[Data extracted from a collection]
::::

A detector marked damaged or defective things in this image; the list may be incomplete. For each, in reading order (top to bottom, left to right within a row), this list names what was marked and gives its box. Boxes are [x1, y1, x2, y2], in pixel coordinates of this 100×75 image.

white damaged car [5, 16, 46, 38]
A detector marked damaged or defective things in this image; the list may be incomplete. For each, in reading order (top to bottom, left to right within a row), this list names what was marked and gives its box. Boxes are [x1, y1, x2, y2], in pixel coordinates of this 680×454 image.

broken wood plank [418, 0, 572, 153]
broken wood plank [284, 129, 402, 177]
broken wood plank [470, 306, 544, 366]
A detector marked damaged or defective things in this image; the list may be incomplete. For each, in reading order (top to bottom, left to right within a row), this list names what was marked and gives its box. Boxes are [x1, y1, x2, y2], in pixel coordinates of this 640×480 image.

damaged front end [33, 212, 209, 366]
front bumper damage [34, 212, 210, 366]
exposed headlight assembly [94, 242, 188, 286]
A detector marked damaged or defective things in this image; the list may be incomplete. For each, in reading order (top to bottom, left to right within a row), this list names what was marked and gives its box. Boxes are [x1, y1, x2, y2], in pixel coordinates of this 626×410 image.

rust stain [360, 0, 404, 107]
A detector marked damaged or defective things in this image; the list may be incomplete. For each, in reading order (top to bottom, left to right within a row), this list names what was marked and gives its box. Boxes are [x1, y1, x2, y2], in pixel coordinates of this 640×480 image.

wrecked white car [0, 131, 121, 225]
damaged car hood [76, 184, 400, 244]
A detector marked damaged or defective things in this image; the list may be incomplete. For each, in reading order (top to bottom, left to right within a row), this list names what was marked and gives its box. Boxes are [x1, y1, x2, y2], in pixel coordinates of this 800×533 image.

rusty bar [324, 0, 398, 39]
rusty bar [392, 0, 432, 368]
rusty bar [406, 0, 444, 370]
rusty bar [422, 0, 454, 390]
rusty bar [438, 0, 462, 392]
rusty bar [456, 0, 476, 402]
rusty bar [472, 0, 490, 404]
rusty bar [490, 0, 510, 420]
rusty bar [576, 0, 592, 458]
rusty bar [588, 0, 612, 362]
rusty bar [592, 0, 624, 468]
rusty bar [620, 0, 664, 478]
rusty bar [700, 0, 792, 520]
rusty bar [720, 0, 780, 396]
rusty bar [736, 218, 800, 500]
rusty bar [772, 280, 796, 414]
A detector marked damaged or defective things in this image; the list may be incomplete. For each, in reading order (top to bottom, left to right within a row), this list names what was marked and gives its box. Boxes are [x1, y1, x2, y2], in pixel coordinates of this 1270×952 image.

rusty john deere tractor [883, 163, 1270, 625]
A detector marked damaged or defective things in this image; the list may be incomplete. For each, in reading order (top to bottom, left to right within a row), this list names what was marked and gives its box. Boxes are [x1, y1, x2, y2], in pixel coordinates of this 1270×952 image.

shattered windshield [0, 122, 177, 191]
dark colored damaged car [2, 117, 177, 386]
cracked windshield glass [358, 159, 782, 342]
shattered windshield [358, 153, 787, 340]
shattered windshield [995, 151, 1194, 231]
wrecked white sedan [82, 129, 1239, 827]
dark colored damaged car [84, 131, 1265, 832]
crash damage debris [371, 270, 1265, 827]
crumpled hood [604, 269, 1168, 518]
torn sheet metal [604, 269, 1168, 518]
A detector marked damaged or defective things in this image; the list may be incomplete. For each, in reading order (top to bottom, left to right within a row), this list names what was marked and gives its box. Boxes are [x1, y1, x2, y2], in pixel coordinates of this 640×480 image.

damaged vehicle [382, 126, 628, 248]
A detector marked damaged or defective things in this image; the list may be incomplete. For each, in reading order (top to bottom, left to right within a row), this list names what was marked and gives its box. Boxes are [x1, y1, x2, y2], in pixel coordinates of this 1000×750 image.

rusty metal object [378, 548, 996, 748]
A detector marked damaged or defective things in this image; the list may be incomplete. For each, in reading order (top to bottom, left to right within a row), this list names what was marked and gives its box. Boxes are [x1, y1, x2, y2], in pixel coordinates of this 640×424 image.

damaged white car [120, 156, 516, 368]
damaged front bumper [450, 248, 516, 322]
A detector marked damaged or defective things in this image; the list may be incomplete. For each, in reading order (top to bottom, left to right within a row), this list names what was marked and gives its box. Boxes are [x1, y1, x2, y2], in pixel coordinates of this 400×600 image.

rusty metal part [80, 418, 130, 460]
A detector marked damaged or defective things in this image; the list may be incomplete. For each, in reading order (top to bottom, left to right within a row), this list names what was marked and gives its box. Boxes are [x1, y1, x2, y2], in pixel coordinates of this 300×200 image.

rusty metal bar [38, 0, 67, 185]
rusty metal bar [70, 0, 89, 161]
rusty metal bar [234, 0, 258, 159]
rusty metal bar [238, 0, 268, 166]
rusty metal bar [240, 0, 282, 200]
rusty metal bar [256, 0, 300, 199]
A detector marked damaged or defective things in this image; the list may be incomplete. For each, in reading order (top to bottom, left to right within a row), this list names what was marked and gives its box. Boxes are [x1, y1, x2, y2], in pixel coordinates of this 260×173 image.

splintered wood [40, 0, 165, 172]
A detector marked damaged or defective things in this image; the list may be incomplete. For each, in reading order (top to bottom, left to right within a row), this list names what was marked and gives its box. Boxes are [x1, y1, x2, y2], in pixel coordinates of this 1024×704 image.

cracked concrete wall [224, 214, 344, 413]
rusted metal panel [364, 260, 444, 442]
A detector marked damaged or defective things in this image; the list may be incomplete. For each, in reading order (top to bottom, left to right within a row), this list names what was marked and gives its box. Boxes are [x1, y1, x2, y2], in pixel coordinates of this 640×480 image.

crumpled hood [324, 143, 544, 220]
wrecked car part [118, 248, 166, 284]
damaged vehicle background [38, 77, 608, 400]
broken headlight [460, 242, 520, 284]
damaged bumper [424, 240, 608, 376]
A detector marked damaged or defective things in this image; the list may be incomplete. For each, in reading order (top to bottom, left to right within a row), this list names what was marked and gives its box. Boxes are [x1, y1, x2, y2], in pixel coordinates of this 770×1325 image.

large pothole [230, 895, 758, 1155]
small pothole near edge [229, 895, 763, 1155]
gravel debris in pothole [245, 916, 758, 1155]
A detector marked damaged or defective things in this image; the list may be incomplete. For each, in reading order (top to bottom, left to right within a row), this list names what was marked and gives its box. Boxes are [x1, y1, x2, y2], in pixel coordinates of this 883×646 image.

::::

Would you transcribe the entries above exactly as they appear?

A detector marked damaged or defective things in this image; the list may be incomplete. For each, in reading order (top to bottom, left to right within a row), this list names what was marked and gives its box. Boxes are [x1, y1, x2, y2], in pixel coordinates of this 100×75 image.

white damaged car [5, 16, 46, 38]
A detector marked damaged or defective things in this image; the list may be incomplete. For each, in reading order (top to bottom, left to right within a row), this list names what was marked and gives its box. Boxes are [x1, y1, x2, y2], in pixel coordinates of this 680×454 image.

broken wood plank [418, 0, 572, 153]
broken wood plank [284, 129, 402, 177]
broken wood plank [470, 306, 544, 366]
A detector marked damaged or defective things in this image; the list may be incomplete. For each, in reading order (top to bottom, left to right within a row), this list names what was marked and gives its box. Boxes are [x1, y1, x2, y2], in pixel coordinates of this 640×480 image.

damaged front end [33, 212, 209, 366]
front bumper damage [34, 212, 210, 366]
exposed headlight assembly [94, 242, 188, 286]
A detector marked damaged or defective things in this image; the list may be incomplete. For each, in reading order (top to bottom, left to right within a row), this list names what was marked and gives its box. Boxes are [x1, y1, x2, y2], in pixel coordinates of this 626×410 image.

rust stain [360, 0, 404, 107]
A detector marked damaged or defective things in this image; the list may be incomplete. For each, in reading order (top to bottom, left to right within a row), this list names what was marked and gives its box. Boxes are [x1, y1, x2, y2], in pixel coordinates of this 640×480 image.

wrecked white car [0, 131, 121, 225]
damaged car hood [76, 184, 400, 244]
A detector marked damaged or defective things in this image; the list may be incomplete. For each, in reading order (top to bottom, left to right within a row), this list names what was marked and gives its box. Boxes are [x1, y1, x2, y2], in pixel coordinates of this 800×533 image.

rusty bar [324, 0, 398, 39]
rusty bar [392, 0, 432, 368]
rusty bar [406, 0, 444, 370]
rusty bar [422, 0, 454, 390]
rusty bar [438, 0, 462, 392]
rusty bar [456, 0, 476, 402]
rusty bar [472, 0, 490, 404]
rusty bar [490, 0, 510, 420]
rusty bar [576, 0, 592, 458]
rusty bar [588, 0, 612, 362]
rusty bar [592, 0, 624, 468]
rusty bar [620, 0, 664, 478]
rusty bar [700, 0, 792, 520]
rusty bar [720, 0, 780, 396]
rusty bar [736, 218, 800, 500]
rusty bar [772, 280, 796, 414]
A detector marked damaged or defective things in this image; the list may be incomplete. For each, in reading order (top to bottom, left to right within a row), this list names what was marked and gives its box. Boxes are [x1, y1, x2, y2], in pixel coordinates of this 1270×952 image.

rusty john deere tractor [883, 163, 1270, 625]
A detector marked damaged or defective things in this image; the list may be incomplete. For each, in reading order (top to bottom, left to right within a row), this list names what was marked and gives its box. Boxes are [x1, y1, x2, y2], in pixel coordinates of this 1270×952 image.

shattered windshield [0, 122, 177, 191]
dark colored damaged car [2, 117, 177, 386]
cracked windshield glass [358, 159, 782, 342]
shattered windshield [358, 153, 787, 340]
shattered windshield [995, 151, 1194, 231]
wrecked white sedan [82, 129, 1239, 827]
dark colored damaged car [84, 131, 1265, 832]
crash damage debris [371, 270, 1265, 827]
crumpled hood [604, 269, 1168, 518]
torn sheet metal [604, 269, 1168, 518]
A detector marked damaged or defective things in this image; the list may be incomplete. For each, in reading order (top to bottom, left to right within a row), this list names what was marked and gives its box. Boxes are [x1, y1, x2, y2], in pixel coordinates of this 640×480 image.

damaged vehicle [382, 126, 628, 248]
A detector marked damaged or defective things in this image; the list may be incomplete. For each, in reading order (top to bottom, left to right within a row), this list names what was marked and gives its box. Boxes are [x1, y1, x2, y2], in pixel coordinates of this 1000×750 image.

rusty metal object [378, 548, 996, 748]
A detector marked damaged or defective things in this image; the list may be incomplete. For each, in reading order (top to bottom, left to right within a row), this list names what was marked and gives its box. Boxes are [x1, y1, x2, y2], in pixel coordinates of this 640×424 image.

damaged white car [120, 156, 516, 368]
damaged front bumper [450, 248, 516, 322]
A detector marked damaged or defective things in this image; the list may be incomplete. For each, in reading order (top to bottom, left to right within a row), this list names what was marked and gives its box. Boxes are [x1, y1, x2, y2], in pixel coordinates of this 400×600 image.

rusty metal part [80, 418, 130, 460]
A detector marked damaged or defective things in this image; the list may be incomplete. For each, in reading order (top to bottom, left to right within a row), this list names what was marked and gives its box. Boxes are [x1, y1, x2, y2], in pixel coordinates of this 300×200 image.

rusty metal bar [38, 0, 67, 185]
rusty metal bar [70, 0, 89, 161]
rusty metal bar [234, 0, 258, 159]
rusty metal bar [238, 0, 268, 166]
rusty metal bar [240, 0, 282, 200]
rusty metal bar [256, 0, 300, 199]
A detector marked damaged or defective things in this image; the list may be incomplete. For each, in reading order (top to bottom, left to right within a row), this list names what was marked and gives its box. Boxes are [x1, y1, x2, y2], in pixel coordinates of this 260×173 image.

splintered wood [40, 0, 165, 172]
A detector marked damaged or defective things in this image; the list may be incomplete. For each, in reading order (top to bottom, left to right within a row), this list names what was marked and gives its box. Boxes are [x1, y1, x2, y2], in pixel coordinates of this 1024×704 image.

cracked concrete wall [224, 214, 344, 413]
rusted metal panel [364, 260, 444, 442]
A detector marked damaged or defective things in this image; the list may be incomplete. For each, in reading order (top to bottom, left to right within a row), this list names what was marked and gives its box. Boxes are [x1, y1, x2, y2], in pixel coordinates of this 640×480 image.

crumpled hood [324, 143, 544, 220]
wrecked car part [118, 248, 166, 284]
damaged vehicle background [38, 77, 608, 400]
broken headlight [460, 242, 520, 284]
damaged bumper [424, 240, 608, 376]
A detector marked damaged or defective things in this image; the list may be incomplete. For each, in reading order (top to bottom, left to right within a row), this list names what was marked and gives its box. Boxes are [x1, y1, x2, y2], in pixel coordinates of this 770×1325 image.

large pothole [230, 895, 758, 1155]
small pothole near edge [229, 895, 763, 1155]
gravel debris in pothole [245, 916, 758, 1155]
A detector marked damaged or defective things in this image; the list may be incomplete. For each, in reading order (top to bottom, left to right within a row), this list names what was marked and gives its box. Boxes are [x1, y1, x2, y2], in pixel coordinates of this 883×646 image.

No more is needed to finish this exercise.